Marco Antonio Chamon, líder da Agência Espacial Brasileira (AEB), declarou na Câmara dos Deputados que o desenvolvimento do Programa Espacial Brasileiro tem o potencial de fortalecer a posição do país no cenário global do setor.
Sua participação ocorreu durante uma audiência pública na Comissão de Ciência e Tecnologia, realizada nesta quarta-feira (8).
Como exemplo, ele mencionou a participação brasileira na missão Artemis 2 da Nasa, agência espacial dos Estados Unidos, que marcou o retorno de astronautas à Lua. O Brasil integra este programa, que conta com a colaboração de 60 nações, desde junho de 2021.
As contribuições propostas pelo Brasil incluem o desenvolvimento de um satélite de pequeno porte destinado a pesquisas em órbita lunar e um projeto focado em agricultura espacial.
Chamon ressaltou que o Brasil possui as condições geográficas e tecnológicas necessárias para sustentar um programa espacial robusto, além de enfatizar o papel do país em questões ambientais. A AEB já colabora em áreas cruciais, como o monitoramento do desmatamento.
"O papel de liderança do país em relação ao meio ambiente e às alterações climáticas torna o setor espacial um componente importante para a manutenção dessa atuação", pontuou.
O deputado André Figueiredo (PDT-CE) foi o responsável por solicitar o debate. Para ele, o setor espacial é vital para o avanço científico, tecnológico e econômico do Brasil, bem como para a garantia da soberania nacional.
"Esta audiência pública é essencial para dar visibilidade ao Programa Espacial Brasileiro", declarou.
Base de Alcântara
O presidente da AEB também destacou a importância estratégica do Centro de Lançamento de Alcântara, localizado no Maranhão.
Desde 2019, a assinatura de um acordo de salvaguardas entre Brasil e Estados Unidos conferiu maior segurança jurídica à utilização da base, o que, segundo Chamon, intensificou o interesse internacional pela instalação.
"A localização da base, próxima à linha do Equador, atrai o interesse de outros países para a realização de lançamentos de foguetes", explicou.
Segundo Chamon, essas colaborações internacionais podem impulsionar o surgimento de uma nova economia associada ao setor espacial.

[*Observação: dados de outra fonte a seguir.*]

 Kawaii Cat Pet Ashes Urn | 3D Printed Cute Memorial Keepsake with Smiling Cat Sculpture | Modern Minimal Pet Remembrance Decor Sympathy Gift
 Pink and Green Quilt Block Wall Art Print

A Agência Espacial Brasileira mantém cooperação ativa com a Argentina e a China.
Educação e capacitação
Outro ponto enfatizado foi o trabalho educacional desenvolvido pela agência.

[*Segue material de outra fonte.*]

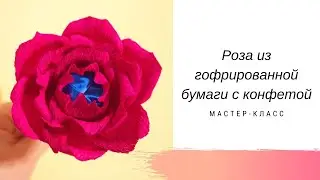 Роза из гофрированной бумаги с конфетой / Мастер-класс / Rosa con caramella di carta crespa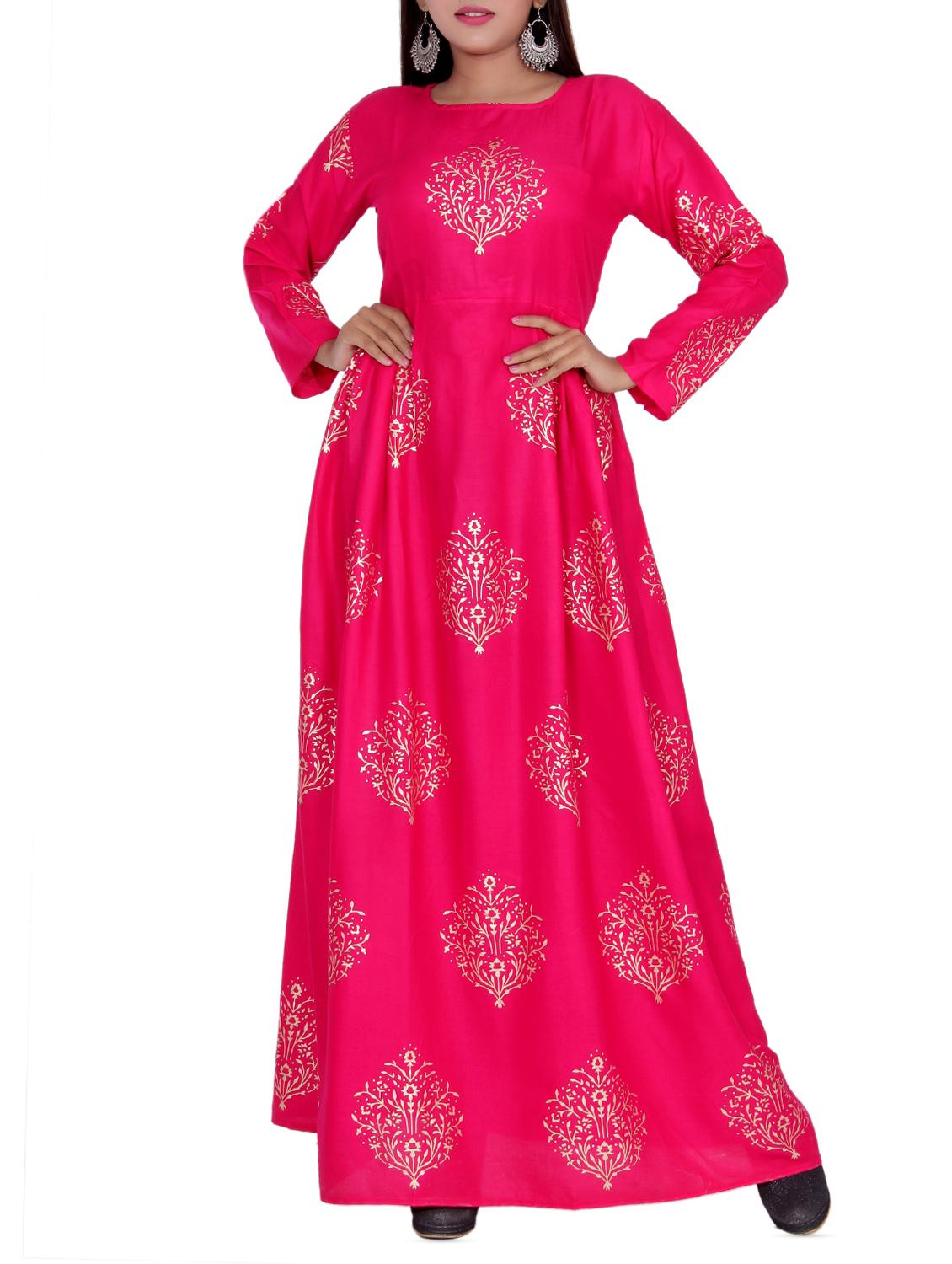foil print flared kurta - 16119715 - Zoom Image - 1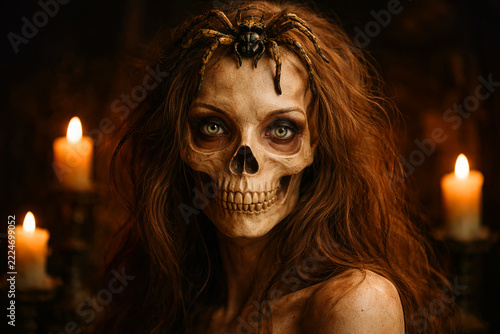 Zombie woman with skull face and spider in the candlelit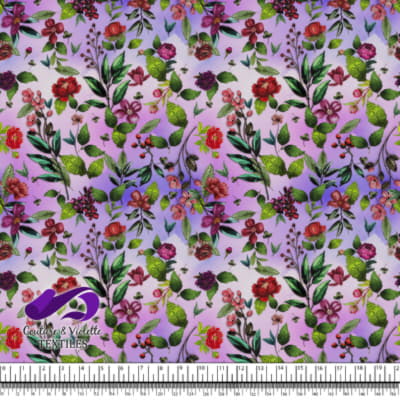 Embroidery bloom - Roses sur fond violet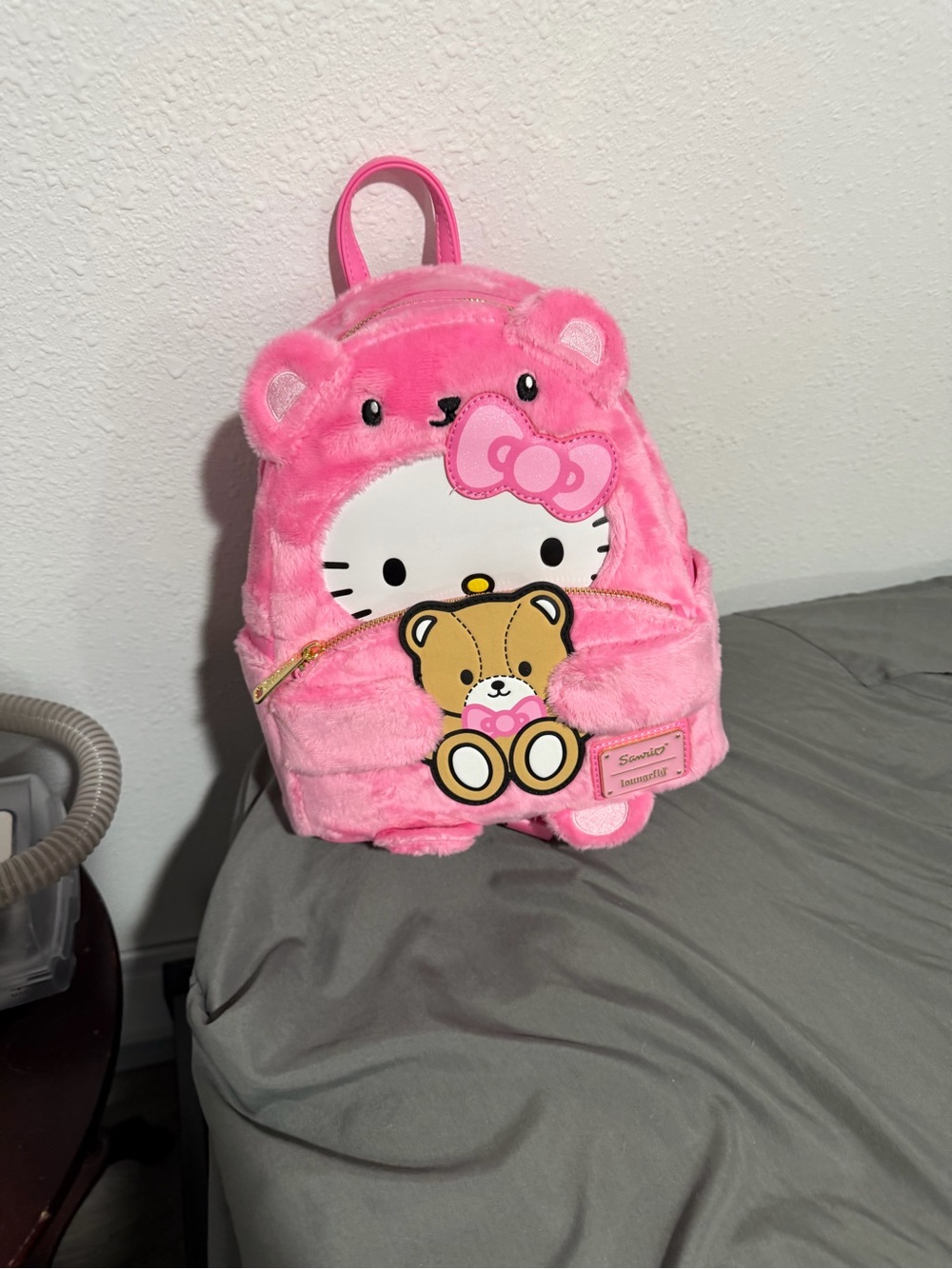 Loungefly Pink Plush Hello Kitty Backpack with Teddy Accent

No Rio Grande do Norte, o Centro Vocacional Tecnológico Aeroespacial oferece a cerca de 2 mil crianças anualmente a oportunidade de participar de atividades práticas, como a montagem de equipamentos e simulações.
Há 15 anos, o Brasil oferece graduações em engenharia aeroespacial em instituições federais de renome, incluindo o ITA, a UFMG, a UnB, a Universidade Federal do ABC e a Universidade Federal de Santa Catarina.
Adicionalmente, existe um curso de pós-graduação em rede na área, com a participação das universidades federais de Pernambuco, Ceará e Maranhão.